Taiwanese military officer

Peng Sheng-chu (彭勝竹 (彭胜竹, Péng Shèngzhú)) is a Taiwanese politician and retired general of the Republic of China Air Force (ROCAF). He is the Director-General of the National Security Bureau since 26 October 2016.

==Career==
Peng was once the chief bodyguard of President Chen Shui-bian. In June 2005, he became the head of Military Intelligence Bureau. In 2009, he was appointed as the strategic adviser for the Presidential Office.

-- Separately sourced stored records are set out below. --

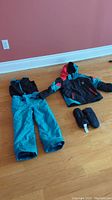 Full view of kids Spyder winter jacket, turquoise snow pants, and black mittens laid out on floor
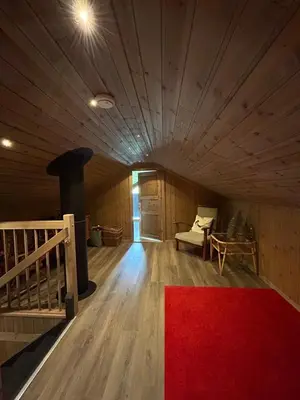a room with a red rug on a wooden floor at Tuddal Hyttegrend HYTTA KÅNS in Tuddal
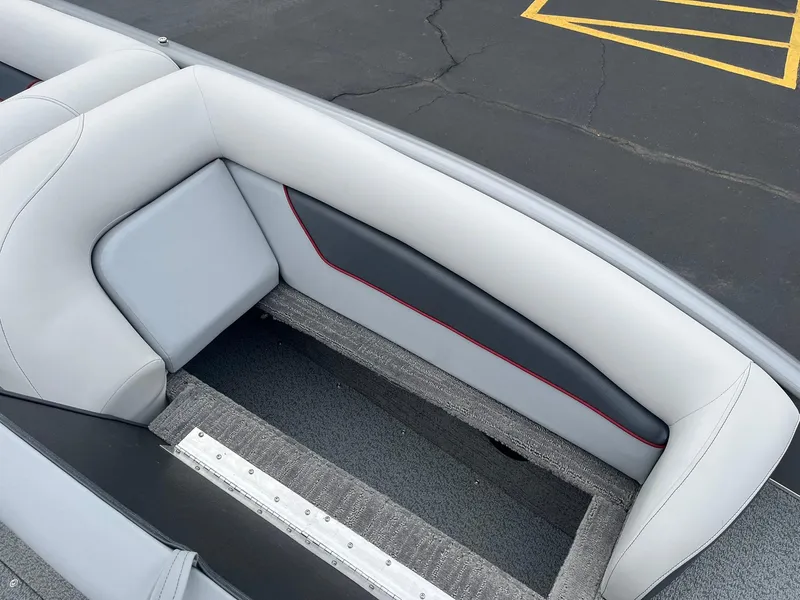 Slide: The Image of 2025 Lowe Deck SD224 boat interior with gray and black seating, red accent stitching. - 28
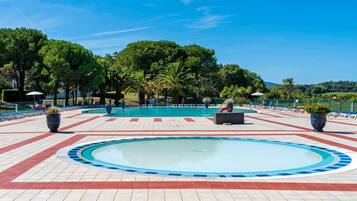 A swimming pool with a tiled deck, surrounded by palm trees and a clear sky.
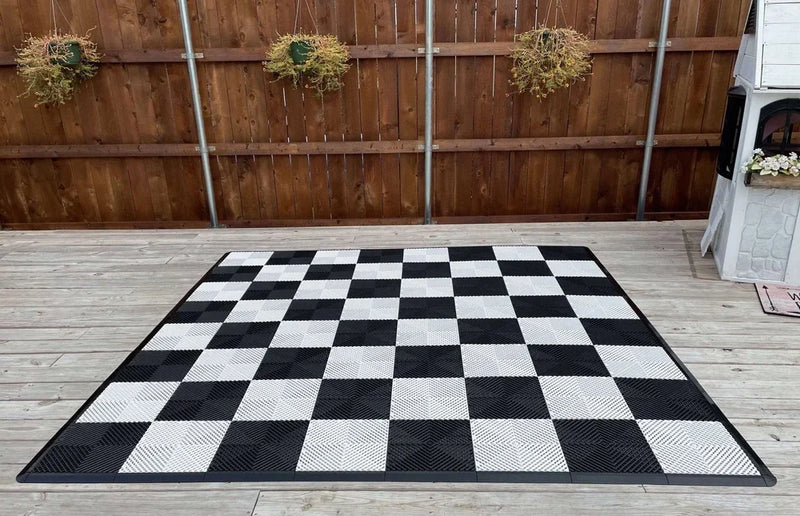 Black and white checkered chessboard laid on wood deck showing a larger version compared to a standard chess board size in an outdoor setting.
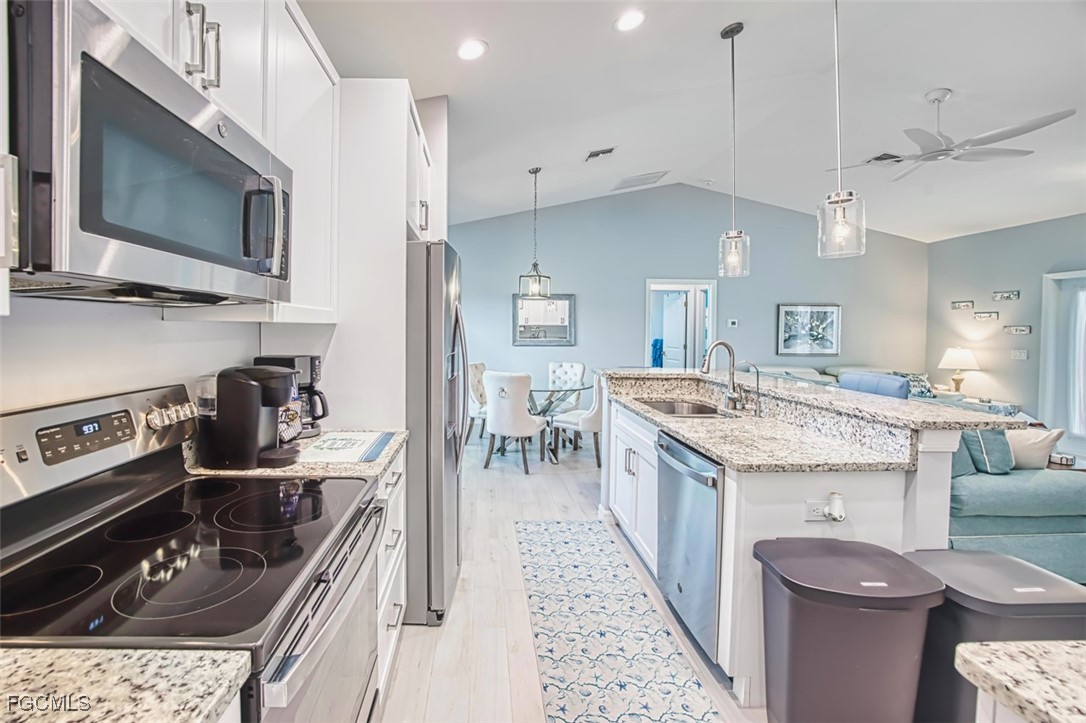 431 Lazy Way Fort Myers Beach, FL 33931 - Photo 17 of 40 a kitchen with a stove and a sink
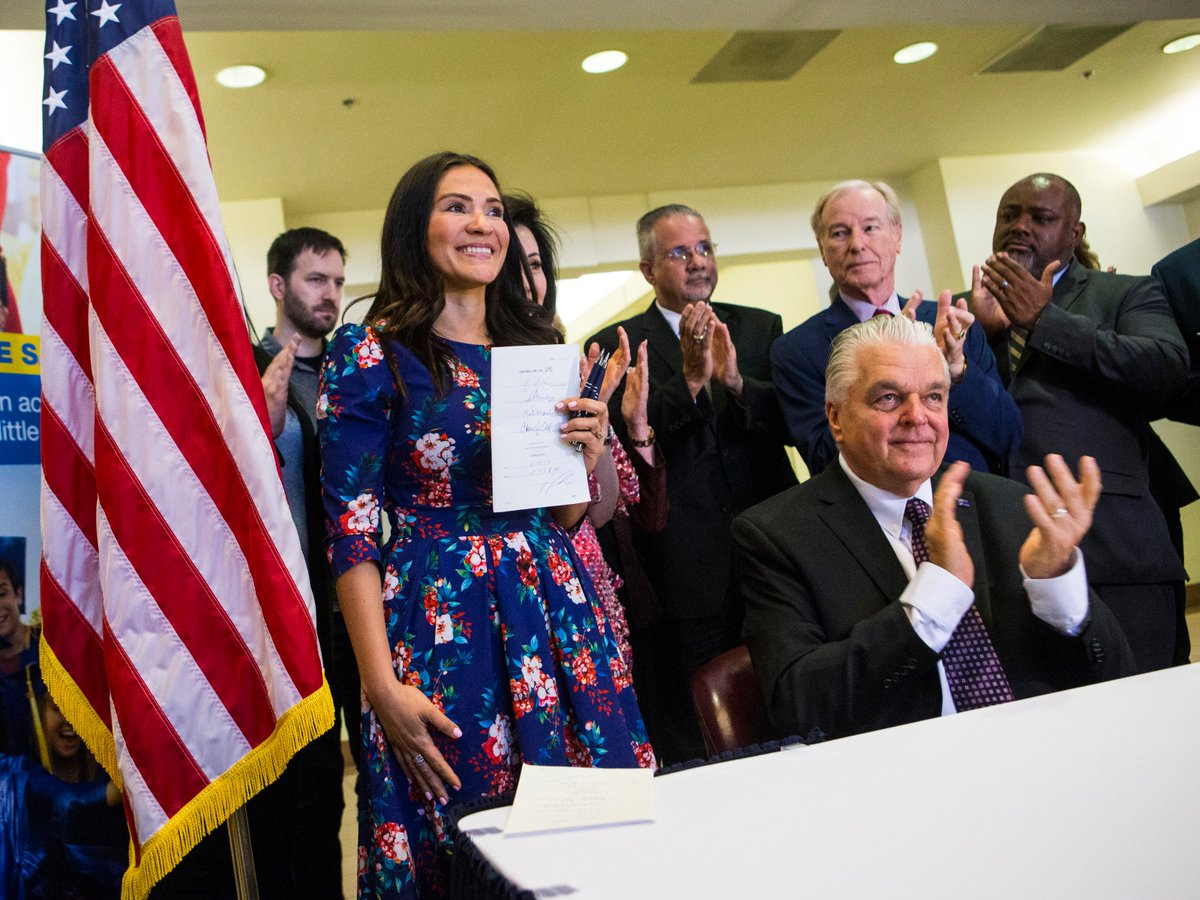 CSStevensphoto's tweet photo. Nevada Gov. @SteveSisolak pauses before signing a trio of bills, including #AB291, a comprehensive gun safety bill, alongside Oct. 1 survivor and Assemblywoman @sandra4nv and Speaker @JasonFrierson, at the Sawyer Building in Las Vegas https://t.co/BGKTYYAhrb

Being the first director general with the ROC Air Force background in both MIB and NSB history, Peng always behaved prudently, but lost the parliament members' confidence for being considered as arrogant to the parliament and unfamiliar with the intelligence works after failing to be present in several important legal hearings in the Legislative Yuan during his term, submitting the false intelligence report with out-of-date information being noticed and corrected by President Tsai Ing-wen in person, and being unable to answer common questions such as identifying the basic information of MSS, nevertheless he also neglected to correct the worsened long-term ethical corruption among subordinates in time until the discipline failures accumulated into more serious crime within the Secret Services were discovered, such as the security guard's sexual harassment case, sidearm discharge accident without following the SOP properly, motel sex scandal, and multiple drinking violations while in duty for years... till the 2019 smuggling case of $200,000 Tax-free cigarettes in 9,800 packs (including 5 illegal orders of 9,200 packs with the Air Force One privilege, and 600 packs trafficking in person) being solved by the Ministry of Justice Investigation Bureau. On 22 July 2019, Peng tendered his resignation due to the cigarette smuggling scandals.